Like the duck-and-cover exercises of the Cold War era, lockdown drills for gun violence have become commonplace in school districts. But not every procedure is the same. Some schools have relatively calm exercises initiated by a code word given over the loud speakers. Other districts bring in police to enact a scenario like a kidnapping or a shooting. After the tragedy in Newton, a number of schools have taken lockdowns to another level, making the drills as real as possible with actors, props, and professional make up.
In Stanislaus County, about an hour and a half from San Francisco, the police and educators went one step further. With the help of a federal grant, they filmed an ultra-realistic simulation of a shooting. The department says the video will help train school staff and first responders, but the violent clips shown by the media have drawn criticism.
Like most schools in the country, The Hart-Ransom K-8 in Modesto has never dealt with gun violence. Almond orchards surround the rural campus, and at recess children play in big grassy fields.
Back before December the staff didn't lock classroom doors or gates. Visitors could get on campus without going by the main office.
Superintendent Ream Lochery walks through the school with me, making sure the gates leading off campus are locked.
"Our safety committee convened right after Newtown, like almost every district's safety committee did, we just tightened up," Lochery says.
His school is just a few miles down the road from where the Stanislaus County Sheriff's Department filmed the training video just a few weeks ago.

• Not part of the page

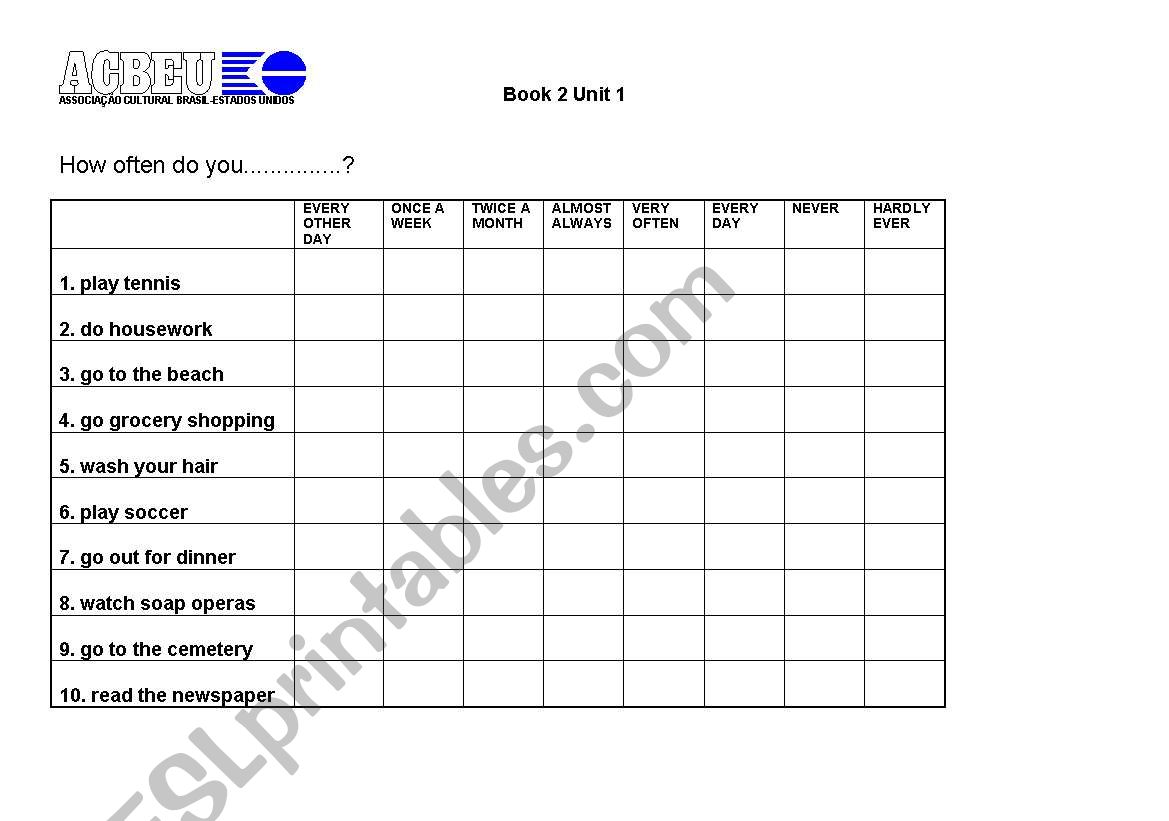 chart for adverbs practicing worksheet
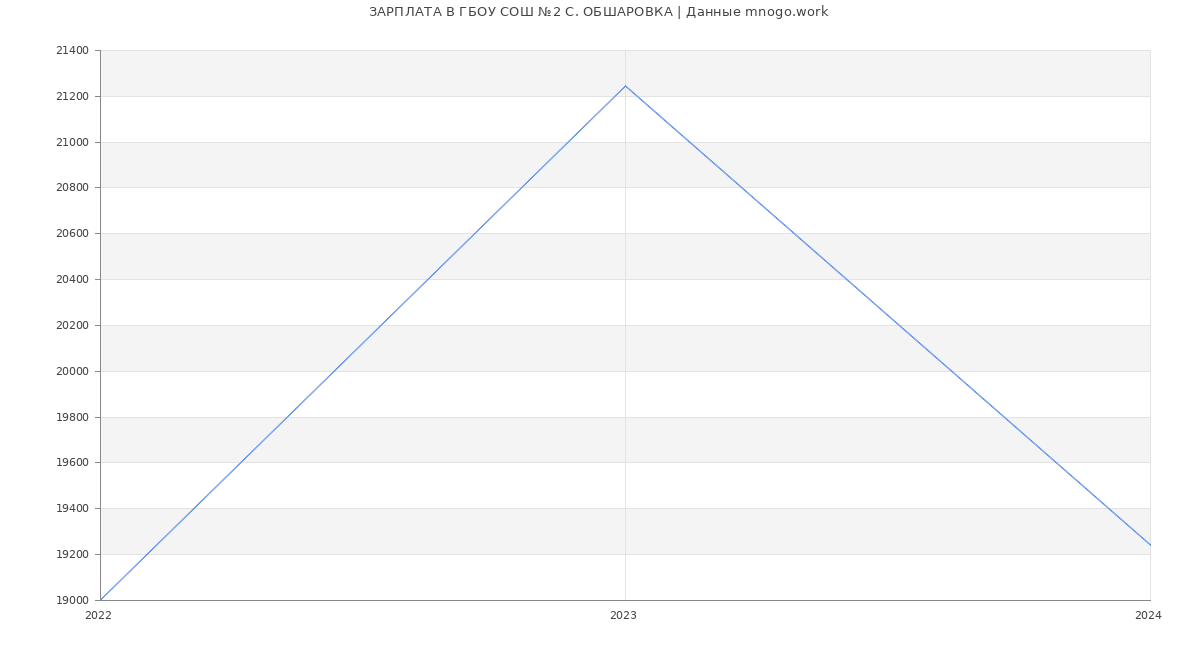 Статистика зарплат ГБОУ СОШ №2 С. ОБШАРОВКА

The Modesto Bee came out to cover the training exercise and posted video clips of it on their website. It's the nightmare scenario. Two darkly dressed characters are waving guns. Some children run to take cover. Others lie on the grass and concrete with gruesome injuries: gunshot wounds, a spinal cord injury, spilled out intestines. One student has sheet metal protruding from the neck to simulate the aftermath of a pipe bomb explosion.
Lieutenant Mike Radford directs school response training at the Stanislaus County Sheriff's Department. He decided to intensify the scenario after attending Urban Shield, a program that simulates large-scale disasters like terrorist attacks or earthquakes. To do professional make up, Radford brought in a local costume shop called Daydreams and Nightmares. They are renown for their intensely convincing reproductions of gore.
"To get the best training value out of anything you have to make it as realistic as possible," Radford says.
To control the scenario, Radford used children from a community acting program to play the students. He had them sit on the grass in front of the school and have a picnic.
Then, without telling them it was coming, he set off two stun grenades -- loud explosions that set everyone in motion.
"We got fantastic human reaction from these kids," Radford says. "We had a couple of our actors portraying bad guys come out yelling and screaming."
Police departments and school districts have been training regularly for shootings ever since the 1999 massacre at Columbine High, but the nature of these trainings and the level of preparation vary widely.
Radford says one thing they have learned at their department is the need for more intelligence, specifically on the layouts of every school. Like many police departments, they do not have digital copies of blueprints that could be loaded up in a squad car.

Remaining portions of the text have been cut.